The body in the photograph is of Mansi Bhatt, an artist from Mumbai who showcased her photographs at Goethe Zentrum Hyderabad. A narrative flows through all the works hanging on the wall with the help of paper clips.

And near the entrance you witness a body suit hanging from the roof with a thread. A pair of boots is kept at the bottom. A face mask stays pinned to the wall. “This is not a dress. It’s the second skin. The extended skin. Worn, left, discarded also signifying multiple layers of the psyche of an artist especially when she is a woman,” says Mansi.

The artist also presented a video in which she is shown wearing the clothing items, hiding her face behind the mask, indulging in a non-verbal 20-minutes performance. Separating her and the audience is barbed wire which can be interpreted as mental, physical barrier.

Titled ‘Bastard’s callings to her last inheritance: conservative landscapes’, the show focuses on the denial that women have to face especially when it comes to inheritance. For example, the title is consciously picked up by the artist. She explains, “A woman is never called a bastard.
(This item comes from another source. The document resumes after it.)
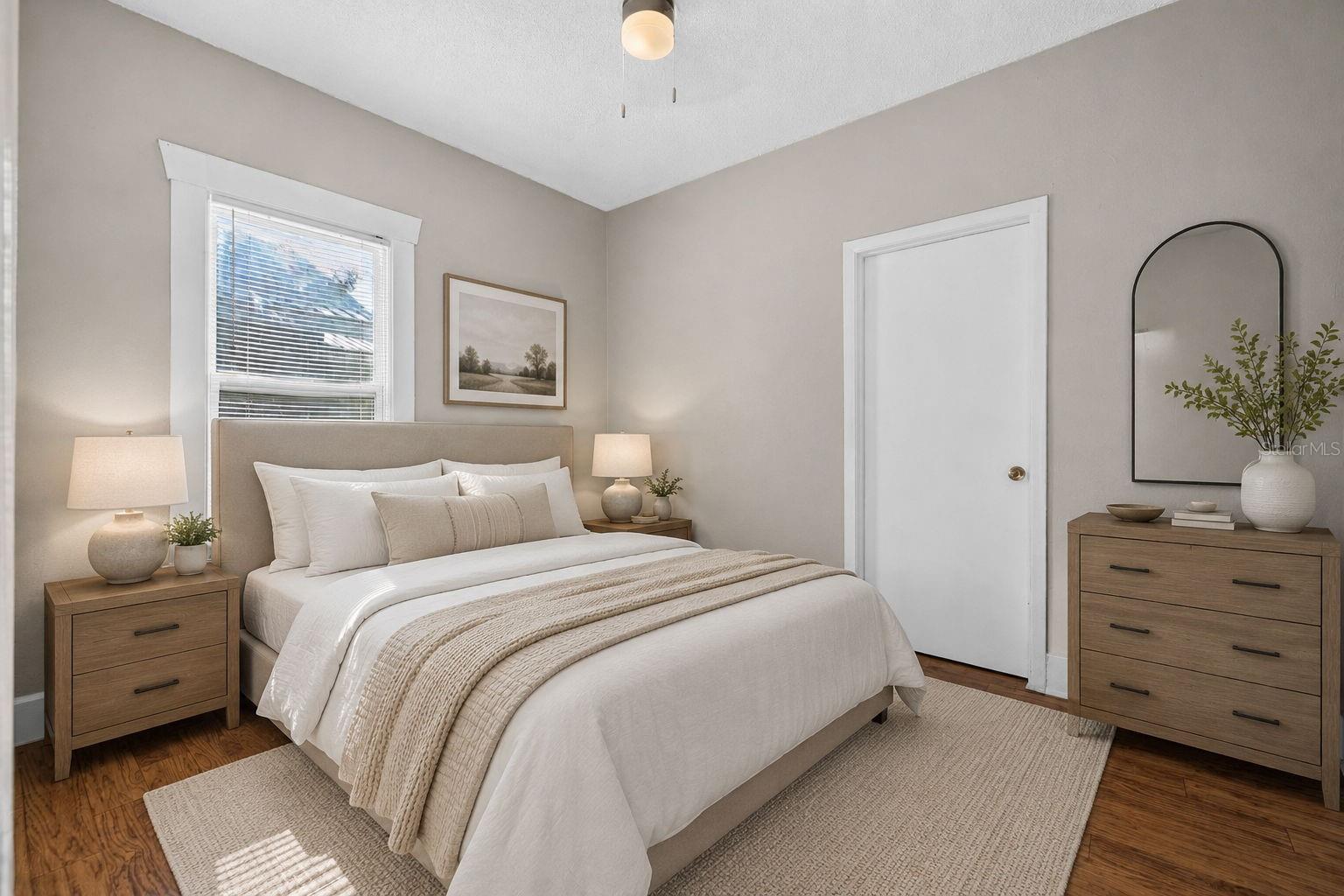 Virtual Staged Bedroom 1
It’s only men who are called by that name. It also means that women can’t claim anything. Though what she says and what’s on display has much larger context which can be interpreted in multiple ways with several layers intertwined to the same.

The exhibition is in two parts: one in landscape the other is on performance. “I am the bastard struggling with social and political challenges. The struggle shifts. This exhibition is to try to break the norm of a woman. The very social positioning is political,” she shares talking more about her show.

Another interesting part is that she works with a lot of prosthetics that’s how in one of the photographs you see another ear near her own as if it were growing from her skin. That’s where she’s used the body as a landscape. “It’s also the juxtaposition. The body and soul are the same,” Mansi adds. Near the playing video is kept a book dusted with red clay and a flower vase. On peeping inside the petals you realise that they actually are tiny ears blooming forth claiming the human body as its own.